(Captioned web image data)
......

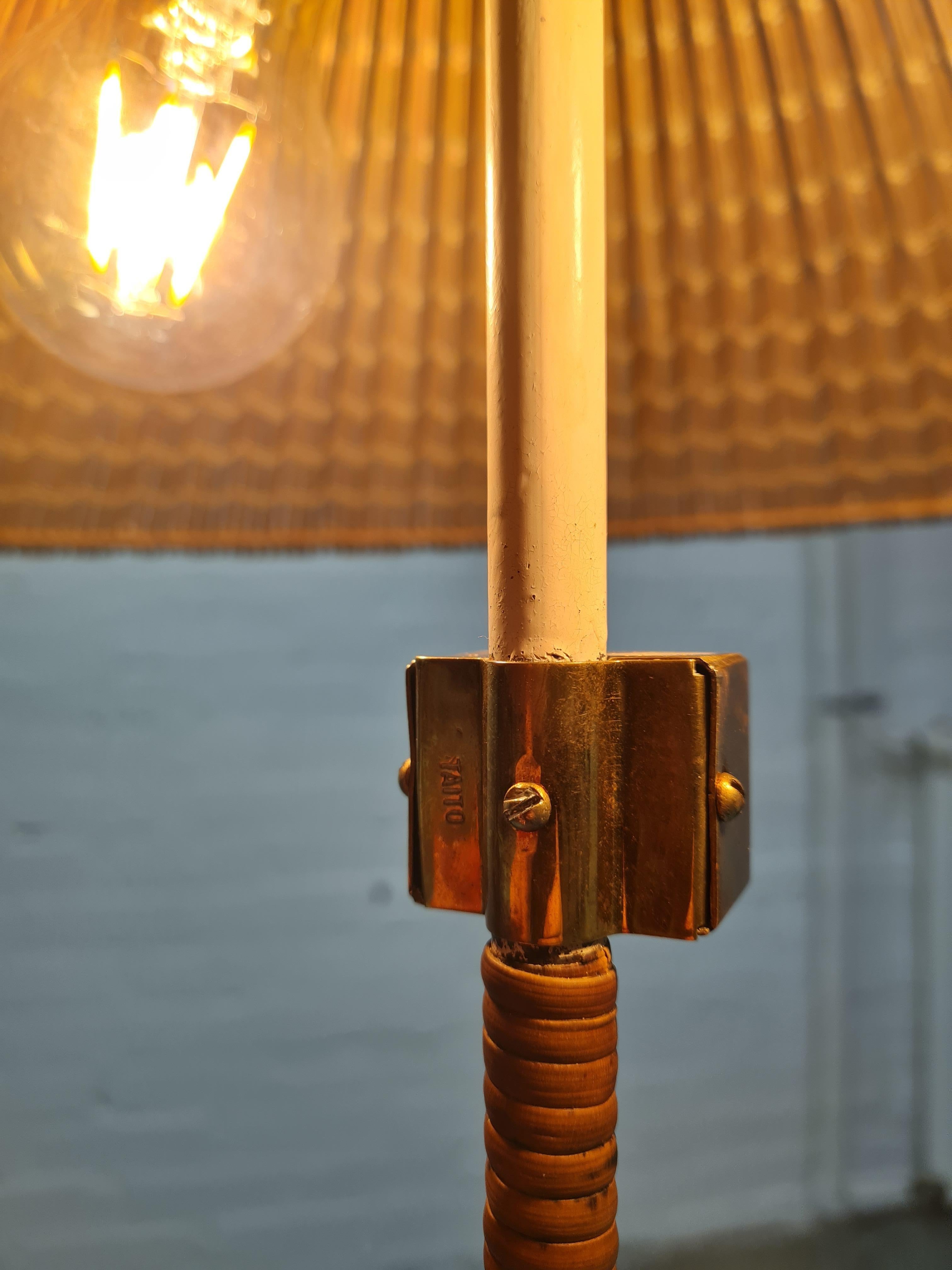 Paavo  Tynell `Chinese Hat´ Floor Lamp  9602, Taito 1940s For Sale 1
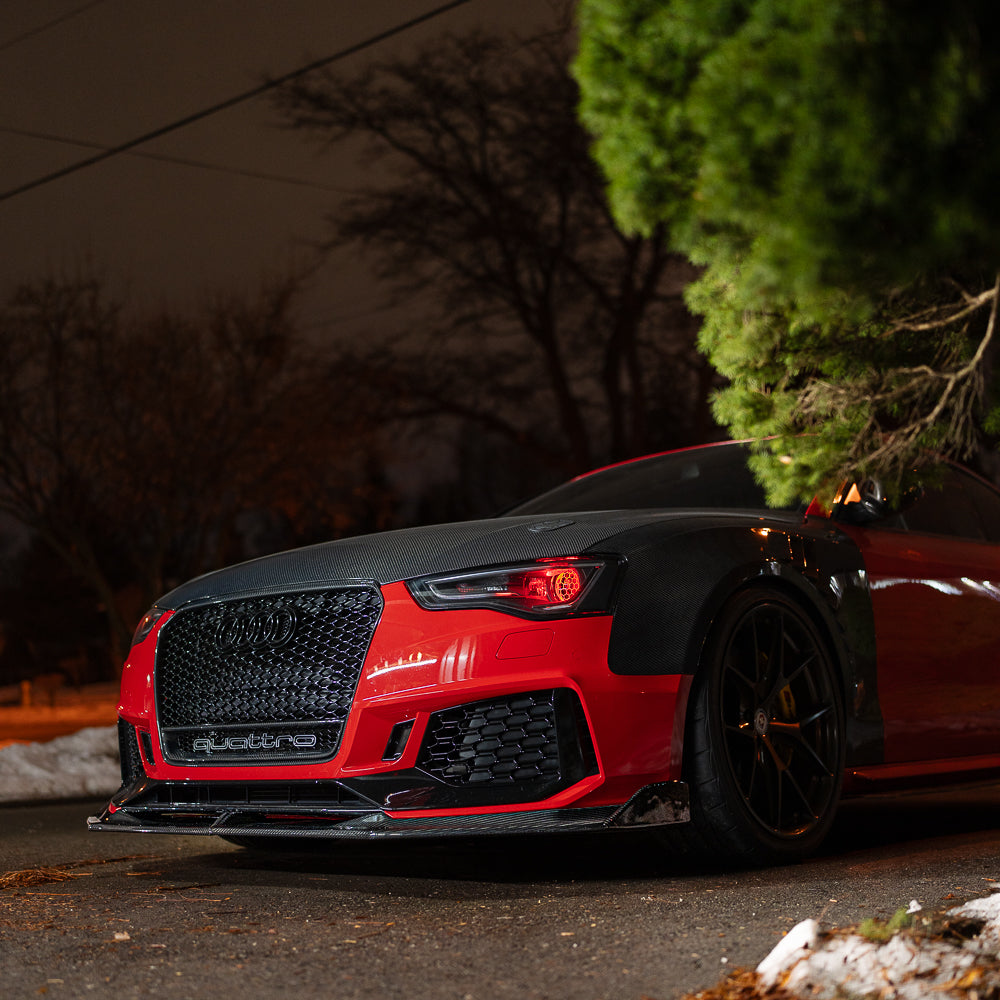 B8.5 Dry Carbon Front Lip B9 Style | Audi B8.5 A5, S5 Equipped with CAP RS5 Bumper V2 | Canadian Auto Performance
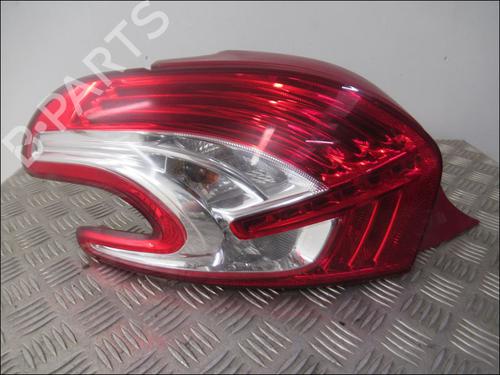 Used Left taillight PEUGEOT 208 I (CA_, CC_) 1.6 HDi (92 hp) 27975544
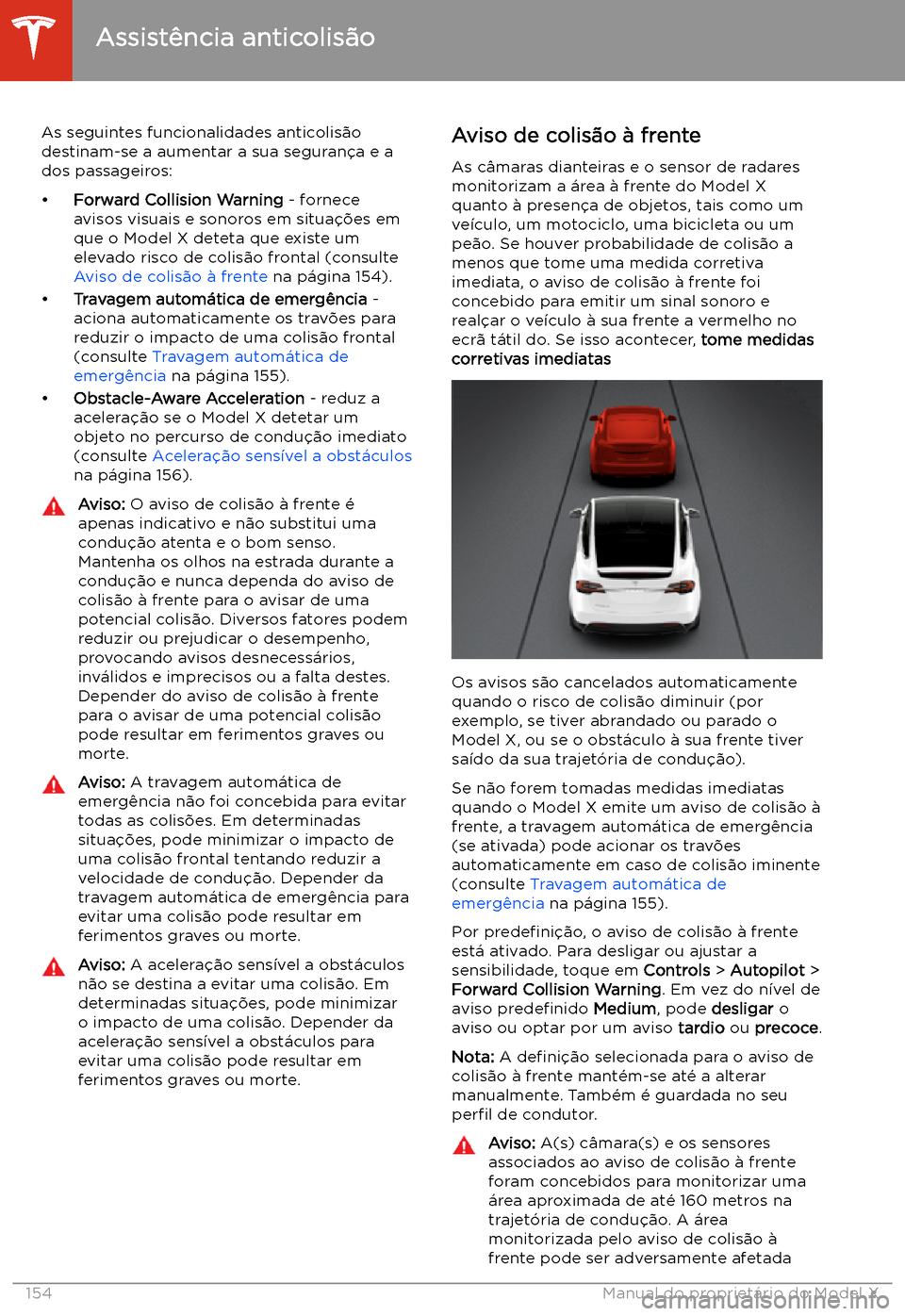 TESLA MODEL X 2020 Manual do proprietário (in Portuguese) Assist TESLA MODEL X 2020 Manual do proprietário (in Portuguese) Assist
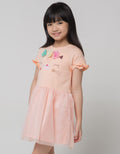 Little M Tile Flower Dress Anak Perempuan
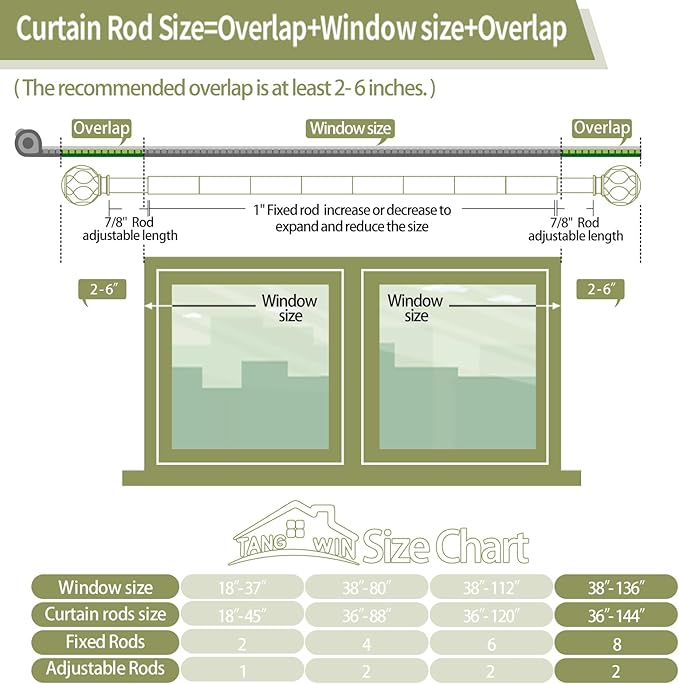 Bronze Farmhouse Curtain Rods for Windows:72-144" Heavy Duty Adjustable Long Curtain Rod for Bedroom Living Room,Boho Decorative Rustic Drapery Rods with Vintage Coastal Finials,Antique Bronze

......

◆ What is expected ◆
What is needed is a verbatim transcription of the records, minus the pictures.

◆ Output for this exercise ◆
 Paavo  Tynell `Chinese Hat´ Floor Lamp  9602, Taito 1940s For Sale 1
 B8.5 Dry Carbon Front Lip B9 Style | Audi B8.5 A5, S5 Equipped with CAP RS5 Bumper V2 | Canadian Auto Performance
 Used Left taillight PEUGEOT 208 I (CA_, CC_) 1.6 HDi (92 hp) 27975544
 TESLA MODEL X 2020 Manual do proprietário (in Portuguese) Assist TESLA MODEL X 2020 Manual do proprietário (in Portuguese) Assist
 Little M Tile Flower Dress Anak Perempuan
 Bronze Farmhouse Curtain Rods for Windows:72-144" Heavy Duty Adjustable Long Curtain Rod for Bedroom Living Room,Boho Decorative Rustic Drapery Rods with Vintage Coastal Finials,Antique Bronze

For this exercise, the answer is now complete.